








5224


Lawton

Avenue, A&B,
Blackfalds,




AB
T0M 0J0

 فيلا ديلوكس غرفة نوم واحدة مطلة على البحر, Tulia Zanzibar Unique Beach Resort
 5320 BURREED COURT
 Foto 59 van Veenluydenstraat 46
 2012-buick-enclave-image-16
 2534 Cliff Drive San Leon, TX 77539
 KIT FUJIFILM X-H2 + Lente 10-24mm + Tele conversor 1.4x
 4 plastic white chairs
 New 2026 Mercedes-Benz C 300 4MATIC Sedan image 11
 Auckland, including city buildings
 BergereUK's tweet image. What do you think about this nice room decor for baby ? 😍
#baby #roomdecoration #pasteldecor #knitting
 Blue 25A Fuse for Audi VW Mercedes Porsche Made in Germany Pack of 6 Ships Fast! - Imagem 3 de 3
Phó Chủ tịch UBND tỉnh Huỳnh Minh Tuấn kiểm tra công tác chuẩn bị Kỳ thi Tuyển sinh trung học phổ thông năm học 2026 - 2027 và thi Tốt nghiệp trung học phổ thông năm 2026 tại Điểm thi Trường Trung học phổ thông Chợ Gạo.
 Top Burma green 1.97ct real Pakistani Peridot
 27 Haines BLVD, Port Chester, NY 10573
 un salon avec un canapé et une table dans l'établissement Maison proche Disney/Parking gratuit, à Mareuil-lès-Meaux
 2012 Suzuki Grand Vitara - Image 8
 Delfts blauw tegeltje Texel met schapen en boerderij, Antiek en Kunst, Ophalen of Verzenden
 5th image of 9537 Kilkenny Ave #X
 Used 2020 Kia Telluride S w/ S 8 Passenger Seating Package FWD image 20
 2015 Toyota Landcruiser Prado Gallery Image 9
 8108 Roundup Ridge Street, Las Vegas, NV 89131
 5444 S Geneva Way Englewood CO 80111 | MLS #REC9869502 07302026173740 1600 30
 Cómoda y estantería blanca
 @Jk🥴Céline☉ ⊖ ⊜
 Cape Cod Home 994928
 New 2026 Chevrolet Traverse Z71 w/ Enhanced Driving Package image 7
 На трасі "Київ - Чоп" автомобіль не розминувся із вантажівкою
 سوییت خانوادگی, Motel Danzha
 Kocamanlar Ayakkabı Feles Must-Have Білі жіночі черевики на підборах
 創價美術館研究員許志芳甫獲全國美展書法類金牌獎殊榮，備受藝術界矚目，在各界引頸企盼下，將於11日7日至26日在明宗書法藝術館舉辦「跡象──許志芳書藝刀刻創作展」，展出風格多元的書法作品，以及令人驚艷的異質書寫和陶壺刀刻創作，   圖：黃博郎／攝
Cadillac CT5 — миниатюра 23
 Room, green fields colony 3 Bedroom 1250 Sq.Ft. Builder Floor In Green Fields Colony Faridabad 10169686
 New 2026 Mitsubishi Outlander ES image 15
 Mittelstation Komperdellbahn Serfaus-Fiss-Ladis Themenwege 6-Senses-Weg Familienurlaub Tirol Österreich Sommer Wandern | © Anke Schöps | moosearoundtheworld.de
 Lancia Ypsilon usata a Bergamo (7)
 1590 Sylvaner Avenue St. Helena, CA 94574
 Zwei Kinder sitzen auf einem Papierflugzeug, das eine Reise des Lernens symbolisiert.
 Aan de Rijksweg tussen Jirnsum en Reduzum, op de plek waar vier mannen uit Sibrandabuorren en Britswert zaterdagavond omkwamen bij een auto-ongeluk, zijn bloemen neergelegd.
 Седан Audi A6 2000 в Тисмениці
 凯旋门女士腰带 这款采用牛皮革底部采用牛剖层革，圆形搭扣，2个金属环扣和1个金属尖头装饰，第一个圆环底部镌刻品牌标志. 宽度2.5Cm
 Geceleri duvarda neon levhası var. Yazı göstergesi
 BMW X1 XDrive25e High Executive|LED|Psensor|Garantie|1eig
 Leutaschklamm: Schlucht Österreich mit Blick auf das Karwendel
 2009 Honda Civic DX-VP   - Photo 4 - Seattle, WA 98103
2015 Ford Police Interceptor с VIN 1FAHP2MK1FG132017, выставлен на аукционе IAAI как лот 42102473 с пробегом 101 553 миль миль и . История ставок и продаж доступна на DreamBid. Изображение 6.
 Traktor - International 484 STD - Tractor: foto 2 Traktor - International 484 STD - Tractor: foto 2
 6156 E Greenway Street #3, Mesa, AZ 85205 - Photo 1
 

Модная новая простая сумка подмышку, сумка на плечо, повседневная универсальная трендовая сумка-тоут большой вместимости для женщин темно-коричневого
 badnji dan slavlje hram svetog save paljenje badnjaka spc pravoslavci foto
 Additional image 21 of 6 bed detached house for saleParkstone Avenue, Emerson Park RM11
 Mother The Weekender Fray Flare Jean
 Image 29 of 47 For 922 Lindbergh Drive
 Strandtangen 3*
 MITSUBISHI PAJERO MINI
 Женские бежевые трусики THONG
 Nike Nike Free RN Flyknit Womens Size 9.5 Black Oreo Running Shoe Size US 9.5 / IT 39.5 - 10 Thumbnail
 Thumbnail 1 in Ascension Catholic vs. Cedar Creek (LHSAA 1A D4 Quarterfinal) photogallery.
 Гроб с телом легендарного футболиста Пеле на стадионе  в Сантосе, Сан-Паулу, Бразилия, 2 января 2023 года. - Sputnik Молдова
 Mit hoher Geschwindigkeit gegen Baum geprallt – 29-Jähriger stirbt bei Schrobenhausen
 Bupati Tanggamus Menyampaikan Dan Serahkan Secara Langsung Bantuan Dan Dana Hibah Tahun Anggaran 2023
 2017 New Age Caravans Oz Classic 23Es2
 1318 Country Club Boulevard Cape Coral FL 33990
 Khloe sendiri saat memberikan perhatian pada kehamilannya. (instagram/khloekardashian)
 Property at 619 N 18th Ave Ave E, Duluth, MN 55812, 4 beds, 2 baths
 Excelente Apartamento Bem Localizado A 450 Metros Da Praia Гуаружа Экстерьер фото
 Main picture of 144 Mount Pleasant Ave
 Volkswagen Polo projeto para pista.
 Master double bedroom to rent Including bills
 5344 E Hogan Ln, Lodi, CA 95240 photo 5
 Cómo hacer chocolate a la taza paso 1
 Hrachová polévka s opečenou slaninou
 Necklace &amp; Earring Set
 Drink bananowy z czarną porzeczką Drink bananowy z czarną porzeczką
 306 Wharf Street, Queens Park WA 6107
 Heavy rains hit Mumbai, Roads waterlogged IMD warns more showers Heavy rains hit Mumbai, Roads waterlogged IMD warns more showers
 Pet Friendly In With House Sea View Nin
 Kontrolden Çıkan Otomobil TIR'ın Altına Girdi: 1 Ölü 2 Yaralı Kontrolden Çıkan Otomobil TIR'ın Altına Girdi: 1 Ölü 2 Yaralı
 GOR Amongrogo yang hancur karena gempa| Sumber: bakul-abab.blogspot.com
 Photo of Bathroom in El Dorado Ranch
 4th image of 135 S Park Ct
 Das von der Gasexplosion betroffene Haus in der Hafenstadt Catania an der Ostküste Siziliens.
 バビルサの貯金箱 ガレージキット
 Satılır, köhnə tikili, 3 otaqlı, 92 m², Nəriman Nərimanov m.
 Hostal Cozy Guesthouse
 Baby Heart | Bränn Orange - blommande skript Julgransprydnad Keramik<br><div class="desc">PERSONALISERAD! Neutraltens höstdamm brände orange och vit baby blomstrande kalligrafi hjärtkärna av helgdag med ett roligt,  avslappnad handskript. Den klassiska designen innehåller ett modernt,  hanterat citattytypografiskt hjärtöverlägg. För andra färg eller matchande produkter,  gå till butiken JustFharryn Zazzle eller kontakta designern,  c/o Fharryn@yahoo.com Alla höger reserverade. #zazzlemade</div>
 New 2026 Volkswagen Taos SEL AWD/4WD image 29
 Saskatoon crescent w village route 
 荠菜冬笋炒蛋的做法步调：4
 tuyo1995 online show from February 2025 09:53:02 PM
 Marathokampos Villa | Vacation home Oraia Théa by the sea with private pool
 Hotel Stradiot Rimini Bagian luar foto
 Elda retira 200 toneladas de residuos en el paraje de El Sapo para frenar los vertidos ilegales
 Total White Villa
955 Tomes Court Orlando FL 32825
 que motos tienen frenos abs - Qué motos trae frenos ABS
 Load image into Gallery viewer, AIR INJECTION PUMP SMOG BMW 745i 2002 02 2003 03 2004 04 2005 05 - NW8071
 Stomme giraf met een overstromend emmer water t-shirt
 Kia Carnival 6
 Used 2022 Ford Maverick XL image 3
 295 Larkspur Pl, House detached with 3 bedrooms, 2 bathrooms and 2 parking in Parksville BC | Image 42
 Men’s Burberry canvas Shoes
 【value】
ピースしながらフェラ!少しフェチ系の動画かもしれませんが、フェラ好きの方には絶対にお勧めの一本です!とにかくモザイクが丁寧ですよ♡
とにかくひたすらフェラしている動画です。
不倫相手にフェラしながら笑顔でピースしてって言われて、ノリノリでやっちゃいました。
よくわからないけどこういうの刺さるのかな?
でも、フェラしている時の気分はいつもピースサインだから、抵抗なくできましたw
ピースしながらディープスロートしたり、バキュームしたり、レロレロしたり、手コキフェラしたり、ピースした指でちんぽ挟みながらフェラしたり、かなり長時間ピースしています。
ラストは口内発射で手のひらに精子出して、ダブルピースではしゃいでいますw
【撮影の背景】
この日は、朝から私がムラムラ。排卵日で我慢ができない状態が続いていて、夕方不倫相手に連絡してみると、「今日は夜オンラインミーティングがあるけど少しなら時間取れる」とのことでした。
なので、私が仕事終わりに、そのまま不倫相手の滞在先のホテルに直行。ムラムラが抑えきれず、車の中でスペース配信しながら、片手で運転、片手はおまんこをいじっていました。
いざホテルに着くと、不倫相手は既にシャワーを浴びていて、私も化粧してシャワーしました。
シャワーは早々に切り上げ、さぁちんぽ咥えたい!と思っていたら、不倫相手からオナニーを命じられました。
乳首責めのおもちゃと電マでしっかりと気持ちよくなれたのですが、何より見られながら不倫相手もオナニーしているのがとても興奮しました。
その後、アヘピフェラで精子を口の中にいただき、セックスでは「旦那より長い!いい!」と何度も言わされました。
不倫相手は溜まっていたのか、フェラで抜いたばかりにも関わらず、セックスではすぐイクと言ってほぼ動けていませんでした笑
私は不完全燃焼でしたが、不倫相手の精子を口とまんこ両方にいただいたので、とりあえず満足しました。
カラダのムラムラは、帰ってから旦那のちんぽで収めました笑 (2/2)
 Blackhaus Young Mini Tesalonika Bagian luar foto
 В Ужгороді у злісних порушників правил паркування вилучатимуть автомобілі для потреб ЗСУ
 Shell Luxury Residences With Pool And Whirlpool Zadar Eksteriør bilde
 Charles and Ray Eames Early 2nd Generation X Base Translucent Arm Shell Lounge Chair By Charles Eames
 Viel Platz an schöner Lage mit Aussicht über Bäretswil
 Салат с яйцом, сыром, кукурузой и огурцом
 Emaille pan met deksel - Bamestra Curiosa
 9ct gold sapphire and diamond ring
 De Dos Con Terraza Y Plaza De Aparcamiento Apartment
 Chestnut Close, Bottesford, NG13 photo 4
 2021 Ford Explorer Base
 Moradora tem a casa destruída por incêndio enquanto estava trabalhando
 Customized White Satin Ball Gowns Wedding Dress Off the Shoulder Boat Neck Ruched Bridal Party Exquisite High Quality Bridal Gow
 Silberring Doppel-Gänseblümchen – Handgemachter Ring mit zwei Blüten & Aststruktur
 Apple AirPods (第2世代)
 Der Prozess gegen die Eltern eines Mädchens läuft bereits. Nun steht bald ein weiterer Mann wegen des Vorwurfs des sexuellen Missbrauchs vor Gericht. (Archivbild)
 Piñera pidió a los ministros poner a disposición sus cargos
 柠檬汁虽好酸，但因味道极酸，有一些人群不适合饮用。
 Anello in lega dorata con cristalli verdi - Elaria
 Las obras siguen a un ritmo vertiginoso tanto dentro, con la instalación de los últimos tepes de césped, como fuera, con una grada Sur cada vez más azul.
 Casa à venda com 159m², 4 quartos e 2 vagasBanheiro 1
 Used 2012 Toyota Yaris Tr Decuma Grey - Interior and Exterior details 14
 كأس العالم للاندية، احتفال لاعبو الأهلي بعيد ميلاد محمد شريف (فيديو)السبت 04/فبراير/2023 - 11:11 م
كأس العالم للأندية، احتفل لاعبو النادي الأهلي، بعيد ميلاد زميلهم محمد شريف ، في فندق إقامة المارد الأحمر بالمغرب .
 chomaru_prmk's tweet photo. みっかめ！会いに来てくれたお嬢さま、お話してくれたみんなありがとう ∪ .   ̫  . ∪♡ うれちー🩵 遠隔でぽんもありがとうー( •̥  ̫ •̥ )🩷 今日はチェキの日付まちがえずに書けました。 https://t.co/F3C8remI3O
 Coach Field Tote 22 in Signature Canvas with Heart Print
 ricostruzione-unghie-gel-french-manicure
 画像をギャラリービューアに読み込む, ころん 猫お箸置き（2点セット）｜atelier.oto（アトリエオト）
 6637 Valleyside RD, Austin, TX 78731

**Description of the task:** Retype only this portion of the data above: the line containing "Bupati Tanggamus Menyampaikan", the line containing "Hostal Cozy Guesthouse", and all lines between them, exactly.

**Exercise answer:**
 Bupati Tanggamus Menyampaikan Dan Serahkan Secara Langsung Bantuan Dan Dana Hibah Tahun Anggaran 2023
 2017 New Age Caravans Oz Classic 23Es2
 1318 Country Club Boulevard Cape Coral FL 33990
 Khloe sendiri saat memberikan perhatian pada kehamilannya. (instagram/khloekardashian)
 Property at 619 N 18th Ave Ave E, Duluth, MN 55812, 4 beds, 2 baths
 Excelente Apartamento Bem Localizado A 450 Metros Da Praia Гуаружа Экстерьер фото
 Main picture of 144 Mount Pleasant Ave
 Volkswagen Polo projeto para pista.
 Master double bedroom to rent Including bills
 5344 E Hogan Ln, Lodi, CA 95240 photo 5
 Cómo hacer chocolate a la taza paso 1
 Hrachová polévka s opečenou slaninou
 Necklace &amp; Earring Set
 Drink bananowy z czarną porzeczką Drink bananowy z czarną porzeczką
 306 Wharf Street, Queens Park WA 6107
 Heavy rains hit Mumbai, Roads waterlogged IMD warns more showers Heavy rains hit Mumbai, Roads waterlogged IMD warns more showers
 Pet Friendly In With House Sea View Nin
 Kontrolden Çıkan Otomobil TIR'ın Altına Girdi: 1 Ölü 2 Yaralı Kontrolden Çıkan Otomobil TIR'ın Altına Girdi: 1 Ölü 2 Yaralı
 GOR Amongrogo yang hancur karena gempa| Sumber: bakul-abab.blogspot.com
 Photo of Bathroom in El Dorado Ranch
 4th image of 135 S Park Ct
 Das von der Gasexplosion betroffene Haus in der Hafenstadt Catania an der Ostküste Siziliens.
 バビルサの貯金箱 ガレージキット
 Satılır, köhnə tikili, 3 otaqlı, 92 m², Nəriman Nərimanov m.
 Hostal Cozy Guesthouse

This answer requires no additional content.